The idea of using an FFA as a proton driver for spallation neutrons is not new  [4–8]. In the 1980s, there was a proposal by Argonne National Laboratory (ANL) called ASPUN. A similar machine was considered as an afterburner of KENS at KEK. In the 1990s, as an option for a short pulse version of the European Spallation Source, an FFA was designed by Jülich. Unfortunately none of these proposals went further than paper studies.

A major revival of the FFA accelerator concept took place in 1999 when the first proton FFA was constructed in Japan and 1 ms acceleration was demonstrated  [9]. This had a big impact on the high current proton accelerator community. Many advantages were foreseen for FFAs over conventional accelerator architectures for a range of projects, including future spallation neutron sources, and these were studied in detail in the projects that followed  [10–12]. Traditionally, ever since the first generation of spallation facilities like IPNS at ANL, KENS at KEK, ISIS at RAL and LANSCE at Los Alamos, driving accelerators for neutron production have been based either on rapid cycling synchrotrons (RCS) or full energy linacs plus an accumulator ring (AR) to compress the long linac beam pulse to a microsecond. No one can deny that a great deal of R&D is needed if FFAs are to be used for these purposes, but there is certainly the potential for FFAs to make a breakthrough in this area of application, and in particular for an ISIS upgrade.

3.6.1 Accelerator choice

Discussions with the neutron user community indicate a requirement for a pulsed neutron source in the future to have a similar time structure to ISIS (10 and 50 Hz) but with higher beam power. Table 1 shows the minimum requirements requested.

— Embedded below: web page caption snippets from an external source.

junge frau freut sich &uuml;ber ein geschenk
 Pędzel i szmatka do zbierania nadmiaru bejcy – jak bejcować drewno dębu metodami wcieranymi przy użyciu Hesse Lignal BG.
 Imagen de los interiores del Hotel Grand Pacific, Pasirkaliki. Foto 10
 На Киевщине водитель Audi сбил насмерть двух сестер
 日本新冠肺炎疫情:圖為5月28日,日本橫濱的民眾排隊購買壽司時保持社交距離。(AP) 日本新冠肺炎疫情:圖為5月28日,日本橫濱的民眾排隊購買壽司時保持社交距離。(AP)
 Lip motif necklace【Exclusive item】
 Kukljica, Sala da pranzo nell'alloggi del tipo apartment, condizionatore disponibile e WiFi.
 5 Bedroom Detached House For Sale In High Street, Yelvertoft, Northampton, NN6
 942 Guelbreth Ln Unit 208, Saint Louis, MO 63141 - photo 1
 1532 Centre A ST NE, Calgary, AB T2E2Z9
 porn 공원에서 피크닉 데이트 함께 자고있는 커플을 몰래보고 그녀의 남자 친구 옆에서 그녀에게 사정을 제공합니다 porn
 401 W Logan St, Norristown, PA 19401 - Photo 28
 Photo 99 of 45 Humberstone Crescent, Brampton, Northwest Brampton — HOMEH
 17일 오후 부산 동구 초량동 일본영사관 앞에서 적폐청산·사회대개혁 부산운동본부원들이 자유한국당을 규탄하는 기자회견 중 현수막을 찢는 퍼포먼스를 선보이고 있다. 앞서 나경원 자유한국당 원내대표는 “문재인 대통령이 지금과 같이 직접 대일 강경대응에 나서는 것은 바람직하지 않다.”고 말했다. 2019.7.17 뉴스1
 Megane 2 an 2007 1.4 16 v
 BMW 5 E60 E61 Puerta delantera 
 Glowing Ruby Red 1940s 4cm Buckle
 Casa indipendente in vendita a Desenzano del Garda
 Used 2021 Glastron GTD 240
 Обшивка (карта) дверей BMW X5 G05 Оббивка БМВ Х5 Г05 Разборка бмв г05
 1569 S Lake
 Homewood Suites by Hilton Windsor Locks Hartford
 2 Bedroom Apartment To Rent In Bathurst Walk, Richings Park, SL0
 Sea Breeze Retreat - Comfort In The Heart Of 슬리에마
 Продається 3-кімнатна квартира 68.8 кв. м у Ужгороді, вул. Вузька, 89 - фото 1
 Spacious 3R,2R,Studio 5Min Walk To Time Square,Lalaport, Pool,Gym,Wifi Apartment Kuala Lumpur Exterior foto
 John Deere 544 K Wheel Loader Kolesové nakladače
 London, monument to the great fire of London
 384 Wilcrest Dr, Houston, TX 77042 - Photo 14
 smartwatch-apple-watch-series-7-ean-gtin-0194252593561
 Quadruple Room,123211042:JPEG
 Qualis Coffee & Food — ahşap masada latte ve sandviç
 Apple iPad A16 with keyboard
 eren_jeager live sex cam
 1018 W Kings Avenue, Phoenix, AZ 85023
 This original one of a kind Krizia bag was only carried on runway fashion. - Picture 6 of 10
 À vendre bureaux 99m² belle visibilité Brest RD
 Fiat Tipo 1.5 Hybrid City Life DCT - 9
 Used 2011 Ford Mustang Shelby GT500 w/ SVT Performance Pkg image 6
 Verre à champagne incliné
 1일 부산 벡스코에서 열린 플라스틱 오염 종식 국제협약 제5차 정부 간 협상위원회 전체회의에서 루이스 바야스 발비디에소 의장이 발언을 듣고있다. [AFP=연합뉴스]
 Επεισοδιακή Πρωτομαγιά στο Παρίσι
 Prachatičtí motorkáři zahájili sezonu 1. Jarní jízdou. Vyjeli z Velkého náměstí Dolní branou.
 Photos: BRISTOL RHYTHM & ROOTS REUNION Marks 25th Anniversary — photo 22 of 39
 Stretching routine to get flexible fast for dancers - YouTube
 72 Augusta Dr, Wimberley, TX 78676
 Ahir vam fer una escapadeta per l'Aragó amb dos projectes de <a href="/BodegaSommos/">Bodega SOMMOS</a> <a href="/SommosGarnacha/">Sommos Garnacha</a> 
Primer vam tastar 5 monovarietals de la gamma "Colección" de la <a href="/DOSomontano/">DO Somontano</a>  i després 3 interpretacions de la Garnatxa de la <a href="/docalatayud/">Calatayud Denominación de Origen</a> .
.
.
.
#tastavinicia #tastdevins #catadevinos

Table 1: Neutron users’ requirements.

Beam power 1.25 MW
Repetition rate 10 to 40 Hz
Number of target stations preferably 3

The main parameters of the proton driver meeting these requirements are those shown in Table 2

Table 2: Main accelerator parameters.

Kinetic energy 1.2 GeV
Average beam current 1.04 mA
Repetition rate 90 Hz

Our first attempt is to design a new proton driver to fit into the existing ISIS tunnel even though it constrains the radius to around 24 m. The tunnel was initially constructed for the weak focusing synchrotron NIMROD, and there is plenty of width. As an injector, a 0.4-0.5 GeV superconducting linac is assumed. With 0.4 GeV injection energy, the momentum ratio, injection to extraction, will be a factor of 2. On the other hand, a beam energy of 0.5 GeV is known to be the optimum for muon production. A beamline from the injector to the muon target is likely therefore be considered if there is sufficient demand.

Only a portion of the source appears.